==== AVAILABLE DATA

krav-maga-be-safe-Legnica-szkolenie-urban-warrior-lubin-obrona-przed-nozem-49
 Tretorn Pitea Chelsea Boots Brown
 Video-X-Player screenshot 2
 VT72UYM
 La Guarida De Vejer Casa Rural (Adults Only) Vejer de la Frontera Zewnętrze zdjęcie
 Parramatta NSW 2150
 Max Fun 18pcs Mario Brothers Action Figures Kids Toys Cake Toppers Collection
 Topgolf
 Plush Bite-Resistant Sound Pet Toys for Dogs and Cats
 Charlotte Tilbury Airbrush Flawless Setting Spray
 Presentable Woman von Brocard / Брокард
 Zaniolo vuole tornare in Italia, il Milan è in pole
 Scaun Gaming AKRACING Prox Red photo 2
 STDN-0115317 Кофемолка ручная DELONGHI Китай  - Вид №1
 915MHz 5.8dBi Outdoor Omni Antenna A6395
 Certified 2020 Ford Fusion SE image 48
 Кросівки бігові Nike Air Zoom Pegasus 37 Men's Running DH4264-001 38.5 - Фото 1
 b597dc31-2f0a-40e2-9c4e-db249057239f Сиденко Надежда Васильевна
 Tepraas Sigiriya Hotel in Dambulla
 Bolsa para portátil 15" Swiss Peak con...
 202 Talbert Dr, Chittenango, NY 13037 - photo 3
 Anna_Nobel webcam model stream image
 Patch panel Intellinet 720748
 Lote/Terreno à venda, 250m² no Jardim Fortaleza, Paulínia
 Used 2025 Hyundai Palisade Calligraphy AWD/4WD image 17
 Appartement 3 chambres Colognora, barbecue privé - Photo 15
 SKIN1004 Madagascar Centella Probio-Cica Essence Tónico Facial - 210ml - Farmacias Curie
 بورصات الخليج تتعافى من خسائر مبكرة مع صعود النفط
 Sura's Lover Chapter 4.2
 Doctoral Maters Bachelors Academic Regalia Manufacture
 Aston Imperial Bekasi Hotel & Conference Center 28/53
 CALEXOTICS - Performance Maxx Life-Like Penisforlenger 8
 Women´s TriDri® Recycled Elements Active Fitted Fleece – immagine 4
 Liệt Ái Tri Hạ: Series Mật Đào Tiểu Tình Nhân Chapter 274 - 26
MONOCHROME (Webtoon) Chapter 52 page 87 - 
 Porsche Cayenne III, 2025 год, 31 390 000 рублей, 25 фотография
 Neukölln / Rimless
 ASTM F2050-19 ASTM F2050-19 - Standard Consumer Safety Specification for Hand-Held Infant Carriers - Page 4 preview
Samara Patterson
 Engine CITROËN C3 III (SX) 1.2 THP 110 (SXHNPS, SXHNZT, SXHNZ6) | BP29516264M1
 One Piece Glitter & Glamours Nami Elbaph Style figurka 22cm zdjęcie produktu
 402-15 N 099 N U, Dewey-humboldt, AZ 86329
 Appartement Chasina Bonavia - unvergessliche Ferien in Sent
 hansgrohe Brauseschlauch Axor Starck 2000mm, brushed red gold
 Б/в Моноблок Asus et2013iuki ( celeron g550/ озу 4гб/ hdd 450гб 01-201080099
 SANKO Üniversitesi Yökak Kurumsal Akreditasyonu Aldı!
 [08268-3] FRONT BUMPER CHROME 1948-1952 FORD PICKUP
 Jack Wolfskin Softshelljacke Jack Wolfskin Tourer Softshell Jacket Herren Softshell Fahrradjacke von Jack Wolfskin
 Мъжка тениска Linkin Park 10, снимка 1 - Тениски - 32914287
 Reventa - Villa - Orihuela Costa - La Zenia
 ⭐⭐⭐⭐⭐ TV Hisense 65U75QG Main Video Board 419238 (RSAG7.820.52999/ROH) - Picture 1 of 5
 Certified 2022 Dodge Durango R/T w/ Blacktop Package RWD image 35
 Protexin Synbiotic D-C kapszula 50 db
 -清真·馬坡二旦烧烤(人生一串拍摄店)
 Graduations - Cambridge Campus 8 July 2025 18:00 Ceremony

========

Write out, from the lines above, only those from the line with "Scaun Gaming AKRACING Prox Red photo 2" to the line with "CALEXOTICS - Performance", exactly as given, including the first and the last.

# PROBLEM SOLUTION
 Scaun Gaming AKRACING Prox Red photo 2
 STDN-0115317 Кофемолка ручная DELONGHI Китай  - Вид №1
 915MHz 5.8dBi Outdoor Omni Antenna A6395
 Certified 2020 Ford Fusion SE image 48
 Кросівки бігові Nike Air Zoom Pegasus 37 Men's Running DH4264-001 38.5 - Фото 1
 b597dc31-2f0a-40e2-9c4e-db249057239f Сиденко Надежда Васильевна
 Tepraas Sigiriya Hotel in Dambulla
 Bolsa para portátil 15" Swiss Peak con...
 202 Talbert Dr, Chittenango, NY 13037 - photo 3
 Anna_Nobel webcam model stream image
 Patch panel Intellinet 720748
 Lote/Terreno à venda, 250m² no Jardim Fortaleza, Paulínia
 Used 2025 Hyundai Palisade Calligraphy AWD/4WD image 17
 Appartement 3 chambres Colognora, barbecue privé - Photo 15
 SKIN1004 Madagascar Centella Probio-Cica Essence Tónico Facial - 210ml - Farmacias Curie
 بورصات الخليج تتعافى من خسائر مبكرة مع صعود النفط
 Sura's Lover Chapter 4.2
 Doctoral Maters Bachelors Academic Regalia Manufacture
 Aston Imperial Bekasi Hotel & Conference Center 28/53
 CALEXOTICS - Performance Maxx Life-Like Penisforlenger 8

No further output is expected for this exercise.